━━ Study material

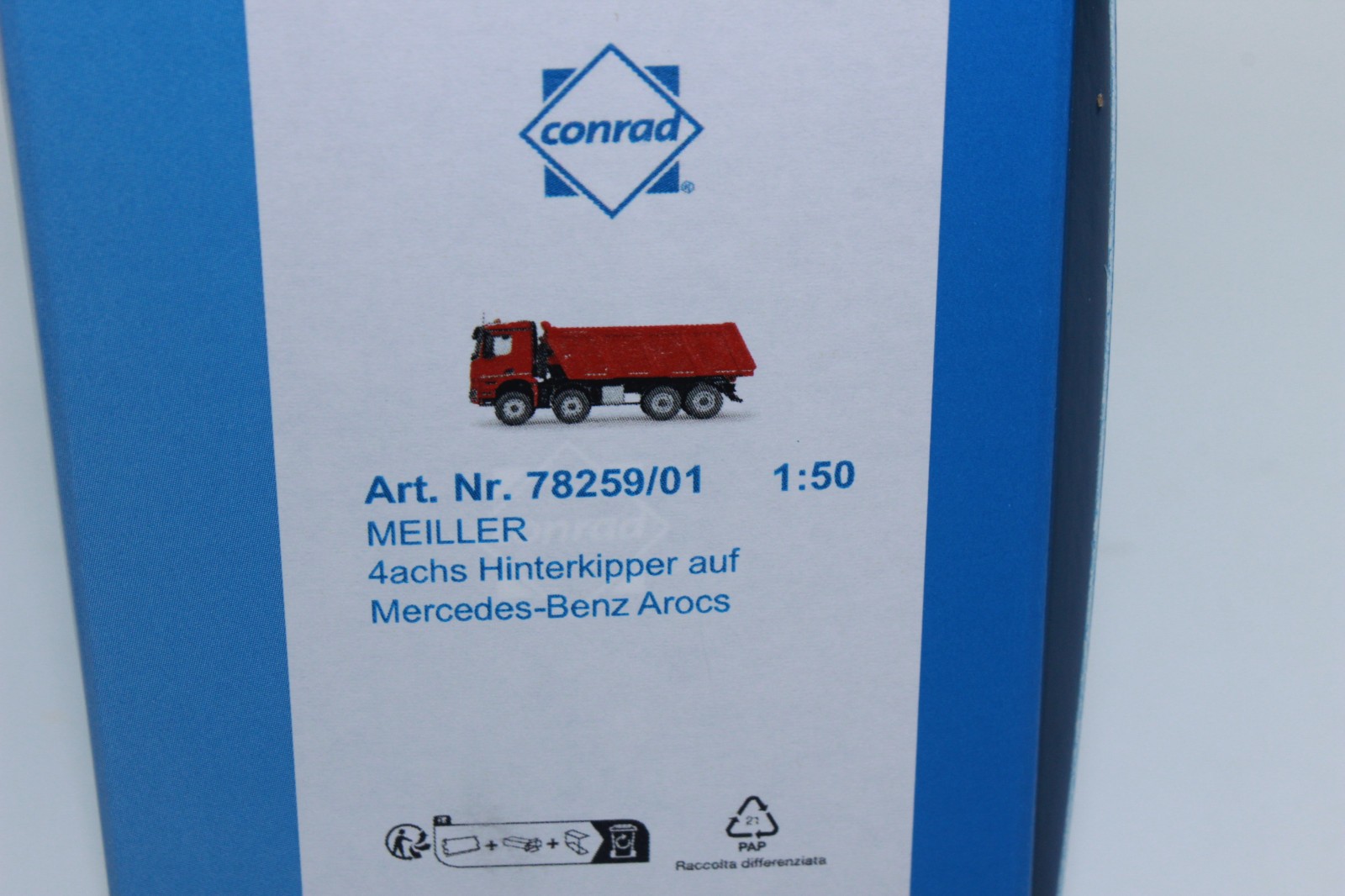 Conrad 78259 01 RED Meiller 4-Axle Tipper Arocs 1:50 NEW OVP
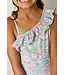 Swoon Baby Clothing Pink Rainbow Row One Shoulder One Pc. Swimsuit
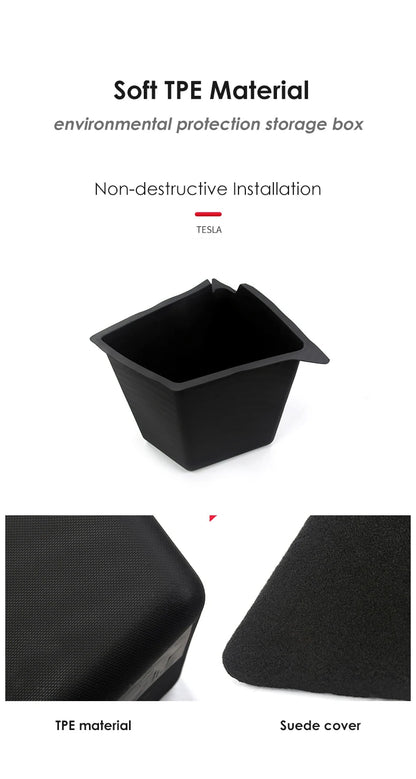 Futhope Car Trunk Side Storage Box for Tesla Model Y 2018-2024 – Hollow Cover Organizer with Flocking Mat & Partition Board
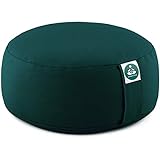 Present Mind Meditationskissen - Yogakissen Rund Zafu - Hergestellt in der EU - Sitzhöhe 16cm - Waschbarer Bezug - 100% Natürliche Yoga Sitzkissen (Smaragdgrün)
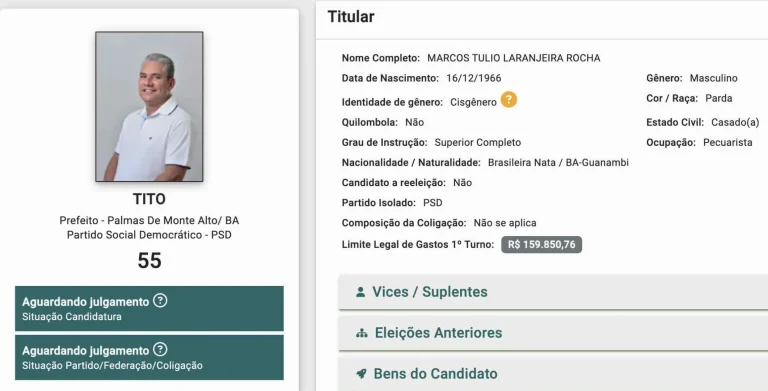 Tito registrou candidatura à Prefeitura de Palmas de Monte Alto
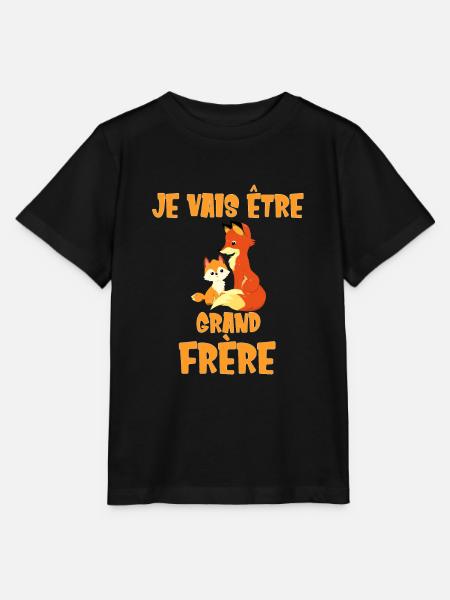 Je vais être grand frère Futur Renard Bientôt - T-shirt bio MINI CREATOR Stanley/Stella Enfant - noir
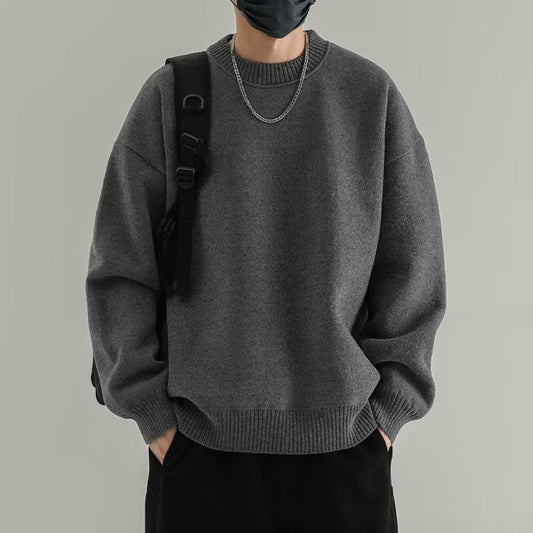 Suéter de Cuello Redondo Unicolor para Hombres – Ideal para Otoño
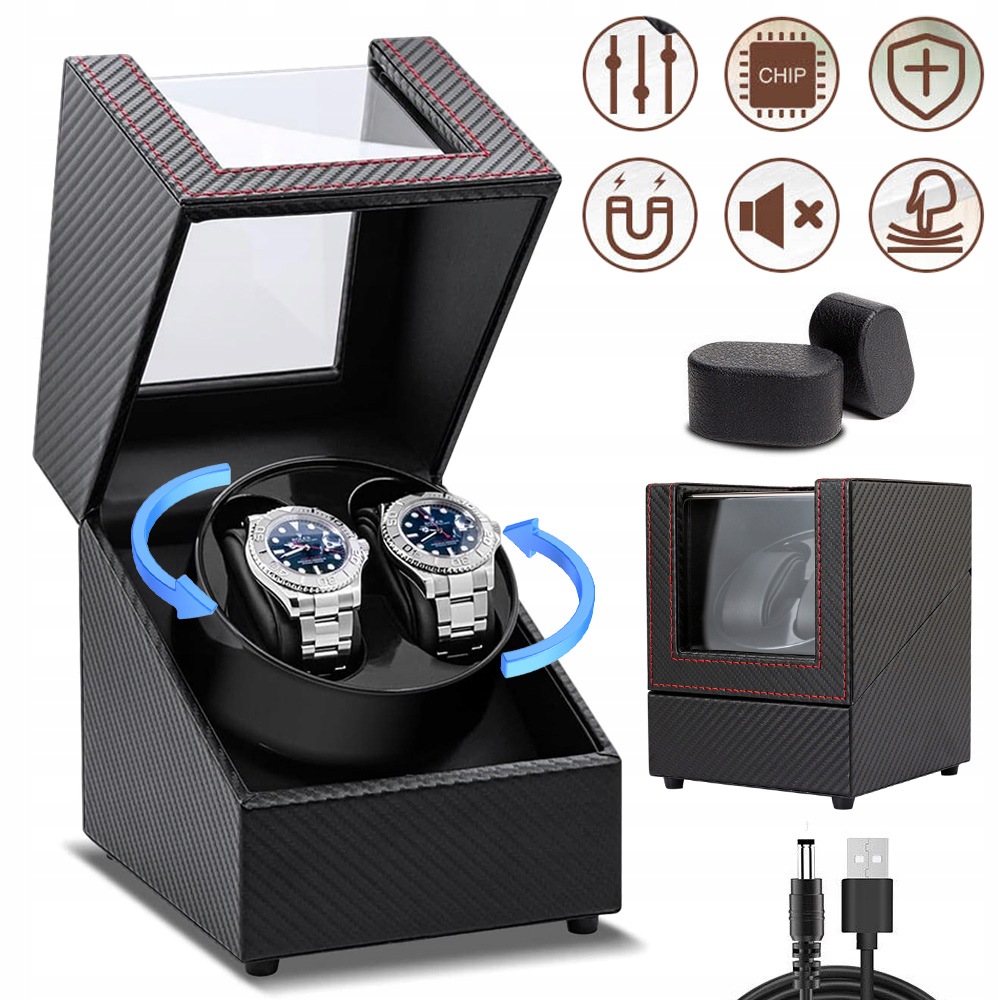 Rotomat Na 2 Hodinky Automatická Krabička Na Navíječ Hodinek Dvojitá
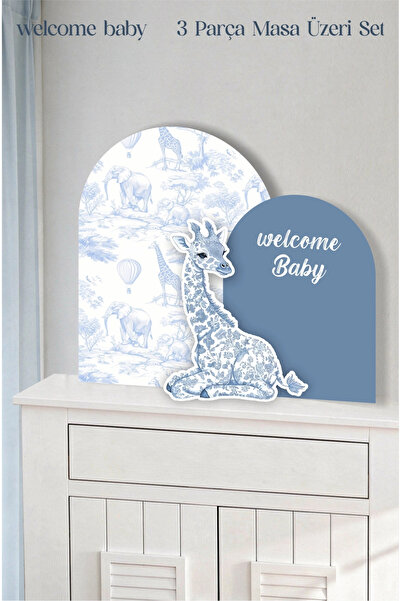 neşeli günlerim Safari Zürafa welcome Baby 3 Parça Masa Üzeri Ayaklı Pano Set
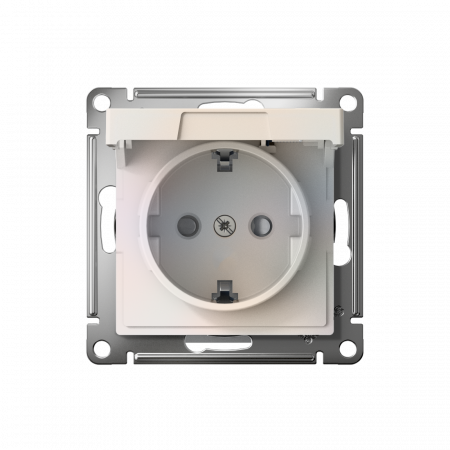 ATLASDESIGN РОЗЕТКА с заземлением со шторками с крышкой,16А,IP20, мех.,быстрозажим. клем., ЖЕМЧУГ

━━━━

▸ **Activity**:
Could you print all the entries exactly as they stand, with the pictures left out?

▸ **Exercise result**:
 Conrad 78259 01 RED Meiller 4-Axle Tipper Arocs 1:50 NEW OVP
 Swoon Baby Clothing Pink Rainbow Row One Shoulder One Pc. Swimsuit
 Futhope Car Trunk Side Storage Box for Tesla Model Y 2018-2024 – Hollow Cover Organizer with Flocking Mat & Partition Board
 Present Mind Meditationskissen - Yogakissen Rund Zafu - Hergestellt in der EU - Sitzhöhe 16cm - Waschbarer Bezug - 100% Natürliche Yoga Sitzkissen (Smaragdgrün)
 Tito registrou candidatura à Prefeitura de Palmas de Monte Alto
 Je vais être grand frère Futur Renard Bientôt - T-shirt bio MINI CREATOR Stanley/Stella Enfant - noir
 Suéter de Cuello Redondo Unicolor para Hombres – Ideal para Otoño
 Rotomat Na 2 Hodinky Automatická Krabička Na Navíječ Hodinek Dvojitá
 neşeli günlerim Safari Zürafa welcome Baby 3 Parça Masa Üzeri Ayaklı Pano Set
 ATLASDESIGN РОЗЕТКА с заземлением со шторками с крышкой,16А,IP20, мех.,быстрозажим. клем., ЖЕМЧУГ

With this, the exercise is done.